_Exercise requirements:_ Set down, please, without alteration, the lines of the entries below from the first through the one containing "Icicle lights outdoor".

-------- Records for processing

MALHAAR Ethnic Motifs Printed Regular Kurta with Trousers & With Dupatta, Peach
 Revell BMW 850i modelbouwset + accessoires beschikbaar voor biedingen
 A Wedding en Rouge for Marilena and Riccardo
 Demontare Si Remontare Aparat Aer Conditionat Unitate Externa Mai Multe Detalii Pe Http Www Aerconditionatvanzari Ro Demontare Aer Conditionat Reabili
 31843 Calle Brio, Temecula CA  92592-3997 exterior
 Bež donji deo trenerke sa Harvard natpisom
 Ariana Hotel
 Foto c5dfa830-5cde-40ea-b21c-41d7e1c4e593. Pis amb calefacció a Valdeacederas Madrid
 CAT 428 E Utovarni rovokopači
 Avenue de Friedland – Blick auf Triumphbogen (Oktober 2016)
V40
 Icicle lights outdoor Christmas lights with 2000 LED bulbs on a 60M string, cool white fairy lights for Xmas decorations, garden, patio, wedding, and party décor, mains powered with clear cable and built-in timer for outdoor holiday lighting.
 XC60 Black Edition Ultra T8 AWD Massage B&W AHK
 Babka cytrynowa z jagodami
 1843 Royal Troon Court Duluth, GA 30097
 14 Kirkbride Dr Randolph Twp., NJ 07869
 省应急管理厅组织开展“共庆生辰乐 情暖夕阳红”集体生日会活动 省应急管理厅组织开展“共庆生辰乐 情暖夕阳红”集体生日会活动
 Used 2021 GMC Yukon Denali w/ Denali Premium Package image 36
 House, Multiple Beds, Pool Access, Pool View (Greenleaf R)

----------------

_Your solution:_
MALHAAR Ethnic Motifs Printed Regular Kurta with Trousers & With Dupatta, Peach
 Revell BMW 850i modelbouwset + accessoires beschikbaar voor biedingen
 A Wedding en Rouge for Marilena and Riccardo
 Demontare Si Remontare Aparat Aer Conditionat Unitate Externa Mai Multe Detalii Pe Http Www Aerconditionatvanzari Ro Demontare Aer Conditionat Reabili
 31843 Calle Brio, Temecula CA  92592-3997 exterior
 Bež donji deo trenerke sa Harvard natpisom
 Ariana Hotel
 Foto c5dfa830-5cde-40ea-b21c-41d7e1c4e593. Pis amb calefacció a Valdeacederas Madrid
 CAT 428 E Utovarni rovokopači
 Avenue de Friedland – Blick auf Triumphbogen (Oktober 2016)
V40
 Icicle lights outdoor Christmas lights with 2000 LED bulbs on a 60M string, cool white fairy lights for Xmas decorations, garden, patio, wedding, and party décor, mains powered with clear cable and built-in timer for outdoor holiday lighting.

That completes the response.